June 2018 — By Jacobus de Hoop, Mitchell Morey, Hannah Ring, Victoria Rothbard, David Seidenfeld

“Min Ila” is a cash transfer program that was implemented by UNICEF and the United Nation’s World Food Program (WFP) in coordination with the Ministry of Education and Higher Education (MEHE), between 2016 and 2018 covering two (and later three) Lebanese governorates. The program, also known as “No Lost Generation” (NLG), was aimed at reducing financial barriers to the school enrollment and attendance of vulnerable children aged 5-14, and at promoting broad wellbeing, specifically of refugees from Syria attending second-shift schools. The design of the pilot paid special attention to children above the age of ten with an aim to reduce negative coping strategies such as child labor and early marriage.

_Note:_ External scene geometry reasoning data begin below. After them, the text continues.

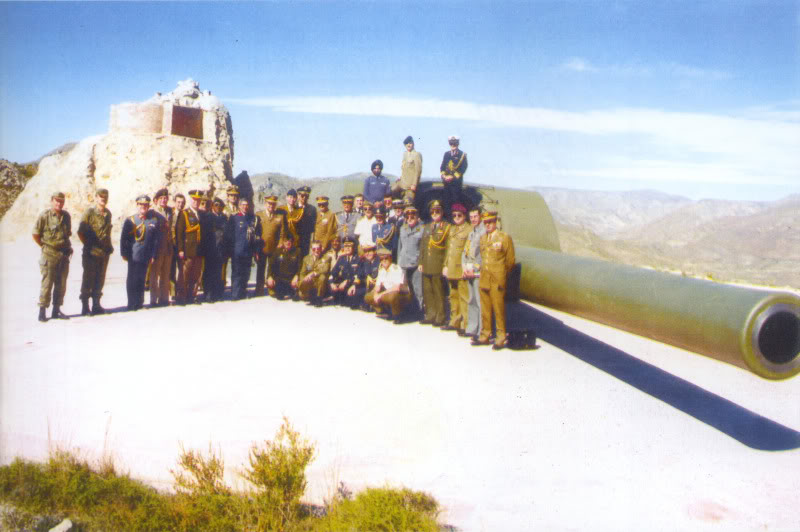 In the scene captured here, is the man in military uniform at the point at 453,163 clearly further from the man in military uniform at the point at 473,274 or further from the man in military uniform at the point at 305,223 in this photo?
the man in military uniform at the point at 305,223

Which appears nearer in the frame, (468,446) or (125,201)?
(468,446)

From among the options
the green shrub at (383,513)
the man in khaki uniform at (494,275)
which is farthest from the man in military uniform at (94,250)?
the green shrub at (383,513)

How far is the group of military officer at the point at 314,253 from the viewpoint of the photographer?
7.62 meters

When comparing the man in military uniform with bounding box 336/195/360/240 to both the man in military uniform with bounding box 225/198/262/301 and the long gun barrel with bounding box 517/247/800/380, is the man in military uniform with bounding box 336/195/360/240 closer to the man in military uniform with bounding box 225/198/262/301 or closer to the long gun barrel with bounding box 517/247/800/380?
the man in military uniform with bounding box 225/198/262/301

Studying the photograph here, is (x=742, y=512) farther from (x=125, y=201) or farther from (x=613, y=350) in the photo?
(x=125, y=201)

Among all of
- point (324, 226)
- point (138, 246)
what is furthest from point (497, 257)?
point (138, 246)

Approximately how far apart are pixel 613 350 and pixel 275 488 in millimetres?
5104

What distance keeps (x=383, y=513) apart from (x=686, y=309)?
2.06m

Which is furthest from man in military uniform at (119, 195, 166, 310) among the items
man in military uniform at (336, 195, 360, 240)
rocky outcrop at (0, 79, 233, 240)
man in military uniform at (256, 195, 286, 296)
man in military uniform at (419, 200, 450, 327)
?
rocky outcrop at (0, 79, 233, 240)

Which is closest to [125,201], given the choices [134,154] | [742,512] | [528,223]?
[134,154]

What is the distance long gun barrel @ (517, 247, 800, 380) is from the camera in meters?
3.50

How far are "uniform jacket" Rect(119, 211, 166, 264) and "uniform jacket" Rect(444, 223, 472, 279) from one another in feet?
12.7

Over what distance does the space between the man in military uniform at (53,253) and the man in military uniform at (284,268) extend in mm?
2881

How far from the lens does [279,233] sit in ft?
32.4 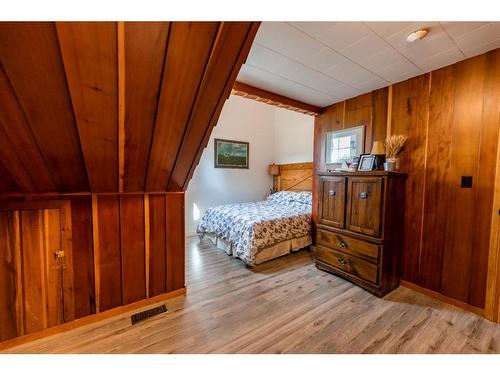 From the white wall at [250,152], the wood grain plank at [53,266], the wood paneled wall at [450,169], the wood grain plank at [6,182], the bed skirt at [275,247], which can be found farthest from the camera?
the white wall at [250,152]

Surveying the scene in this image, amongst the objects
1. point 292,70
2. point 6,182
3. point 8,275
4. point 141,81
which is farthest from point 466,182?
point 8,275

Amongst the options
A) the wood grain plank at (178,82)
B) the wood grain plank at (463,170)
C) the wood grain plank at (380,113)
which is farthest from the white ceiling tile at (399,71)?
the wood grain plank at (178,82)

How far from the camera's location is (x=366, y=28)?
4.54 feet

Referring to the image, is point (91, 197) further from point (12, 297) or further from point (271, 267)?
point (271, 267)

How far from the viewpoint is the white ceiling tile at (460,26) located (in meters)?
1.36

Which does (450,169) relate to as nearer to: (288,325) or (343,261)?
(343,261)

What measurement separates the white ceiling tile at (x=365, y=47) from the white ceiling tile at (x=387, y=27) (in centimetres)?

To understand the effects of the program, UNICEF contracted the American Institutes for Research and UNICEF’s Office of Research to undertake a rigorous, mixed methods impact evaluation (IE) that compares beneficiaries in the pilot governorates to those that would have been be eligible but live in governorates outside the program’s regional coverage. The IE used a geographic regression discontinuity design (RDD), following 1,440 households located near the border that separates program and nonprogram governorates, and collected baseline, midline and endline data to assess the effects of the program on children’s school enrollment and participation, in addition to broader child well-being indicators.

Results presented in the IE showed that NLG/Min Ila improved children’s food consumption, physical health, lowered child engagement in work for the household, improved indicators of children’s subjective well-being, noting the causal link between these dimensions and child education outcomes. The IE’s midline evaluation also showed increased rates of school attendance, although the endline evaluation found little evidence for increased child enrollment owing to supply-side restrictions, whereby second-shift schools had already been operating at capacity at the start of the program.

The impact evaluation was one of the first of its kind in terms of assessing the effectiveness of child-focused education cash transfer programs in challenging refugee settings.